School of Integrated Technology, Yonsei University, 85 Songdogwahak-ro, Incheon 21983, Korea.
Sensors (Basel). 2017 Sep 22;17(10):2183. doi: 10.3390/s17102183.
In the Federal Aviation Administration's (FAA) performance based navigation strategy announced in 2016, the FAA stated that it would retain and expand the Distance Measuring Equipment (DME) infrastructure to ensure resilient aircraft navigation capability during the event of a Global Navigation Satellite System (GNSS) outage.
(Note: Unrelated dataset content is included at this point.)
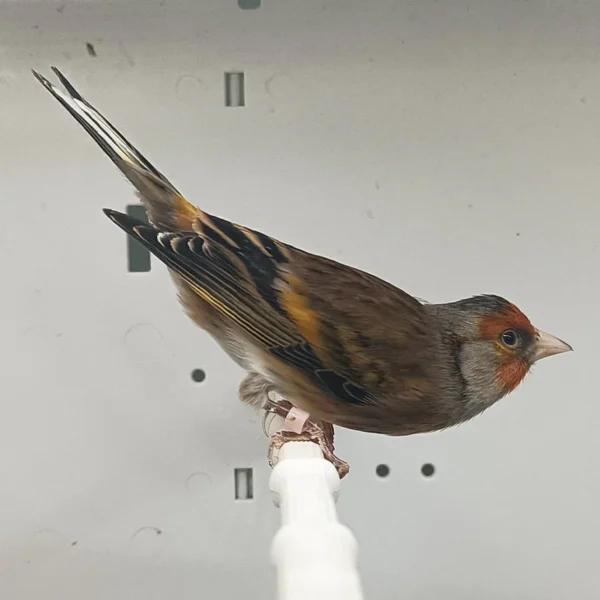 Canary X European Goldfinch Hybrid - Image 3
However, the main drawback of the DME as a GNSS back up system is that it requires a significant expansion of the current DME ground infrastructure due to its poor distance measuring accuracy over 100 m. The paper introduces a method to improve DME distance measuring accuracy by using a new DME pulse shape. The proposed pulse shape was developed by using Genetic Algorithms and is less susceptible to multipath effects so that the ranging error reduces by 36.0-77.3% when compared to the Gaussian and Smoothed Concave Polygon DME pulses, depending on noise environment.
在联邦航空管理局(FAA)于2016年宣布的基于性能的导航战略中,FAA表示将保留并扩展测距设备(DME)基础设施,以确保在全球导航卫星系统(GNSS)中断时具备可靠的飞机导航能力。然而,DME作为GNSS备份系统的主要缺点是,由于其在超过100米的距离测量精度较差,需要大幅扩展当前的DME地面基础设施。本文介绍了一种通过使用新的DME脉冲形状来提高DME距离测量精度的方法。所提出的脉冲形状是通过遗传算法开发的,对多径效应的敏感度较低,因此与高斯和光滑凹多边形DME脉冲相比,根据噪声环境的不同,测距误差可降低36.0 - 77.3%。